Jonathan Tebbs, 46, stabbed dedicated town hall chief Kate Dixon 29 times with a Swiss Army knife before reading an Oscar Wilde poem about a man who kills his wife.

Jonathan Tebbs

Jonathan Tebbs

He stripped her clothes off and calmly carried her into the shower where he washed the blood from her lifeless body at a flat in Streatham, south London.

The killer attempted to scrub the murder scene clean and then searched on the internet for Wilde’s The Ballad of Reading Gaol, which includes the verse: ‘Yet each man kills the thing he loves . . . The coward does it with a kiss, the brave man with the sword.’

Tebbs became enraged after learning Ms Dixon, 41, was in a relationship with a man she met on Blue Match–an upper crust dating website for Oxbridge graduates.

The controlling killer became increasingly possessive after believing that he and Ms Dixon were meant to be together, Southwark Crown Court heard.

Kate Dixon

Kate Dixon

He flew into a rage after confronting the council figurehead about her relationship with Mark Baynes when he caught the pair on Skype together.

Today, a jury of seven women and five men took less than three hours to unanimously find Tebbs guilty of murder.

The killer, wearing a black three-piece suit, lavender shirt and blue tie, bowed his head as the verdict was announced while cries of ‘yes’ came from the public gallery packed with Kate’s close friends and family.

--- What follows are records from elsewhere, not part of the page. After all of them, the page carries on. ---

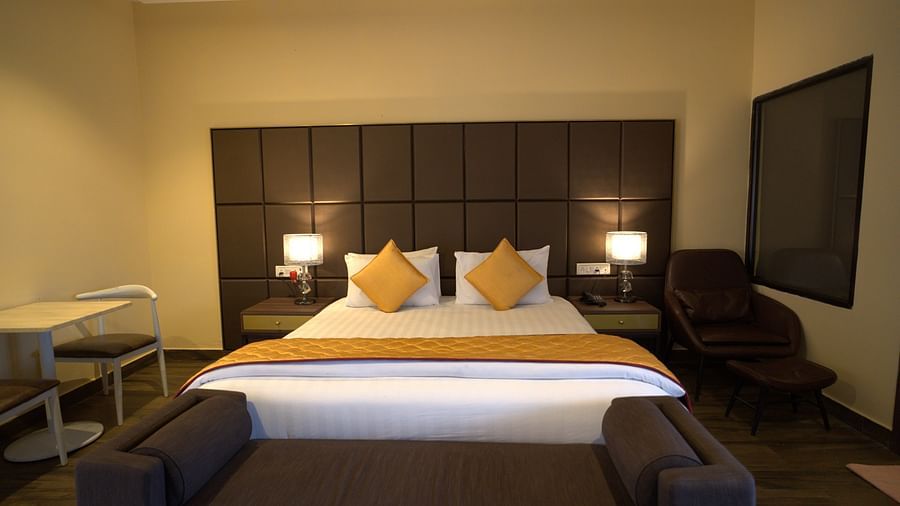 Warmly lit Junior Suite at Citrus Classic Resorts and Spa Mahabalipuram ECR featuring a plush bed with a divan at its foot and two sitting spaces on both sides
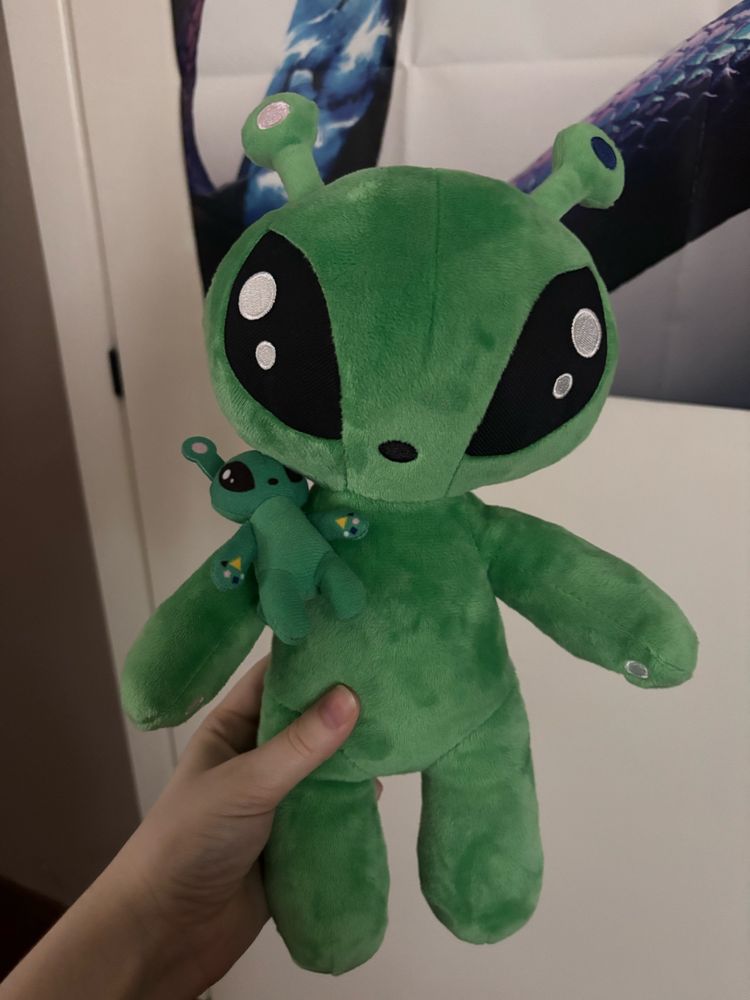 Alien plushie with a smaller alien plushie on its shoulder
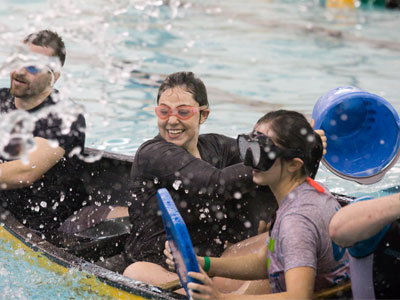Paddling around the WSU pool.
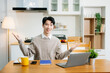 © Nuttapong punna - Young man using laptop while sitting at home. Young woman sitting in kitchen and working
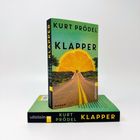 Buchcover „KURT PRÖDEL KLAPPER“. Abgebildet: Halbierte Orange als Sonnenuntergang über einer Straße, Ullstein Verlag.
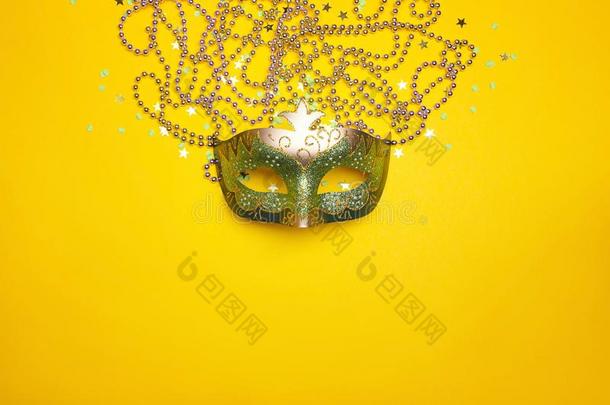 节日的狂欢节面具和小珠子向一黄色的b一ckground.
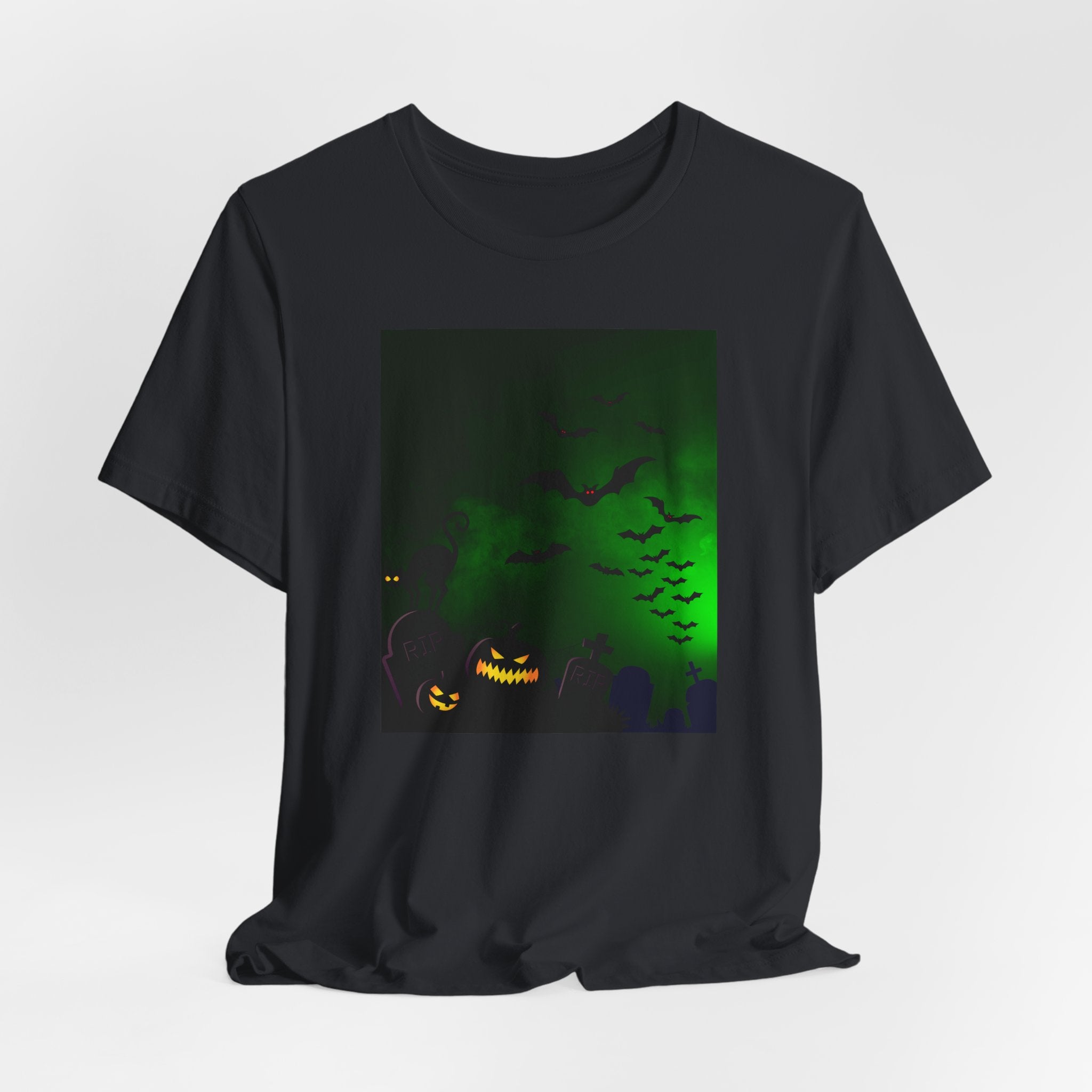 Vintage black t-shirt with Halloween-themed design featuring a pumpkin and bats on a green glow background.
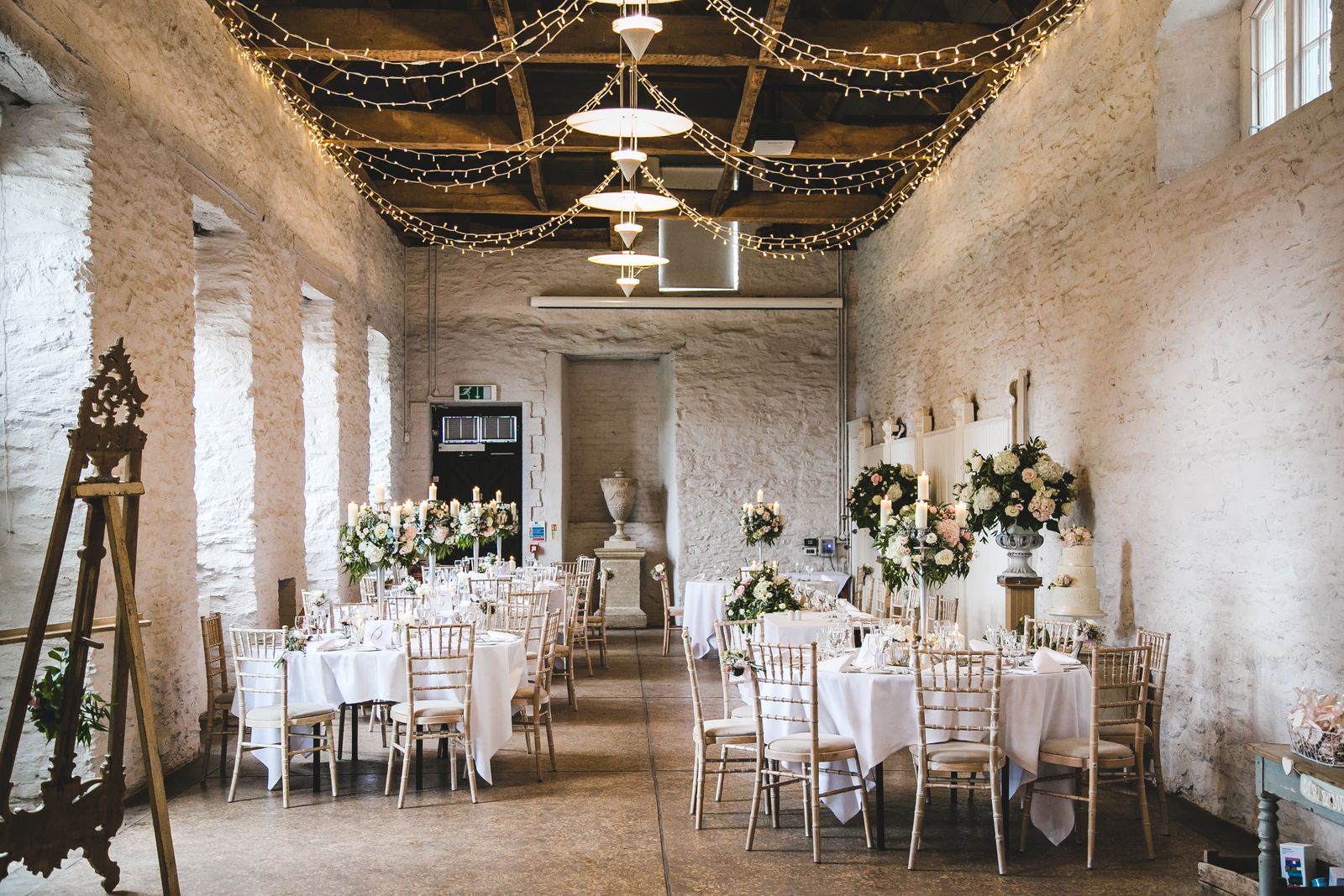 Stone barn style building with fairy light canopy, timber beams across the ceiling and romantic wedding tables.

A statement prepared on behalf of the grieving family said: ‘Kate’s shocking death has deprived Kate of a life she enjoyed and richly deserved.

‘It has deprived Kate and Mark Baynes of the life that they were planning together and were looking forward too very much.

‘It has deprived the council of a manager who contributed much to services she was involved in and it has deprived her close colleagues and friends of Kate’s company.’

Sacha Wass QC, defending, said Tebbs ‘lost his temper’, adding: ‘He clearly loved her, he clearly felt unable to cope without her and because of his personality traits, it was much more difficult for him to intellectualise, which he clearly tried to do but clearly failed to do, because of his actions on that night.’

Ms Dixon, who was joint head of strategy, equality and performance at Islington Council, started a tumultuous 12-year romance with Tebbs after meeting him on a Tube train.

But she became disillusioned and on numerous occasions tried to end the relationship despite being ‘fearful’ of Tebbs and ‘frightened of what he was capable of’.

On the night of the killing, Ms Dixon finally plucked up the courage to end the relationship with Tebbs after he caught her Skyping Mr Baynes.

Tebbs, who taped his conversations with Ms Dixon, made his final ever recording of his girlfriend just shortly before he stabbed her to death.

Jurors were played the chilling two-and-a-half-hour recording which began after Tebbs had snatched Ms Dixon’s phone away from her, demanding to know more about her new romance.

Ms Dixon told Tebbs that she wanted to end their relationship but the jealous lover quickly interrupted and went on an hour-long unbroken rant, accusing her of cheating on him because of her difficult relationship with her father.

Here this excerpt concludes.